Output every line below as it stands, dropping only the images.
Segment Start: Records
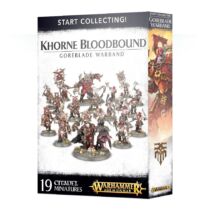WARHAMMER AoS - Start Collecting! Khorne Bloodbound Goreblade Warband - Kezdődoboz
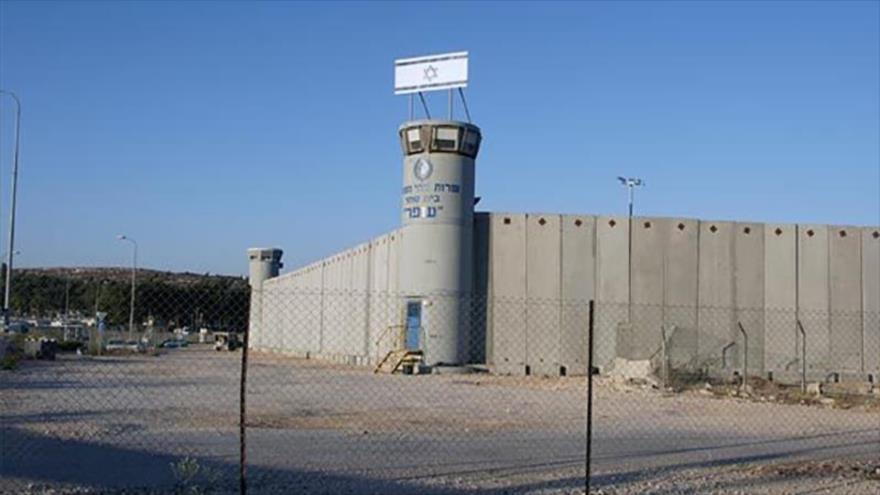 Vista de una base de Israel en Eritrea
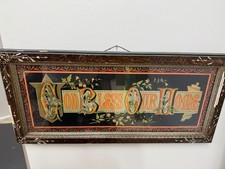ANTIQUE EASTLAKE LITHOGRAPH 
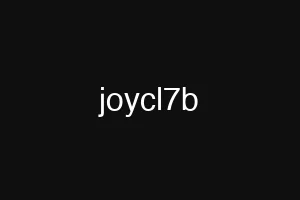 joycl7b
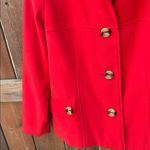 R.Q.T. Red Peacoat Size 12 Photo 12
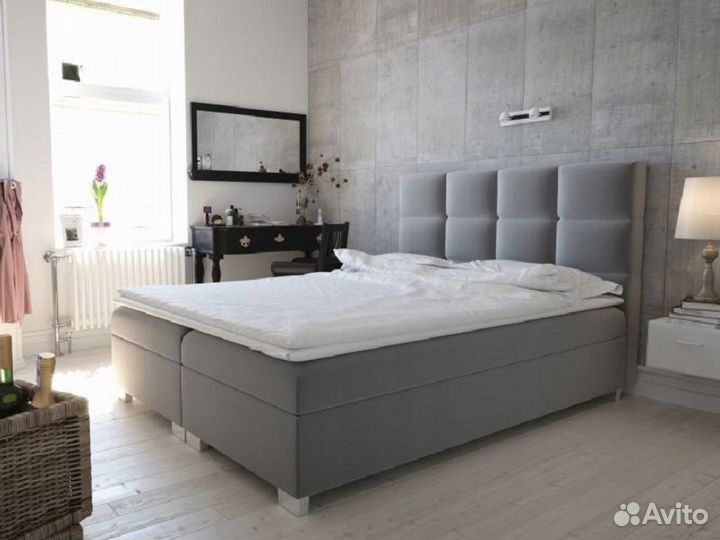 Кровать-бокс. box spring.матрас оснащение гостиниц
Segment End: Records
Result for this task -
WARHAMMER AoS - Start Collecting! Khorne Bloodbound Goreblade Warband - Kezdődoboz
 Vista de una base de Israel en Eritrea
ANTIQUE EASTLAKE LITHOGRAPH 
 joycl7b
 R.Q.T. Red Peacoat Size 12 Photo 12
 Кровать-бокс. box spring.матрас оснащение гостиниц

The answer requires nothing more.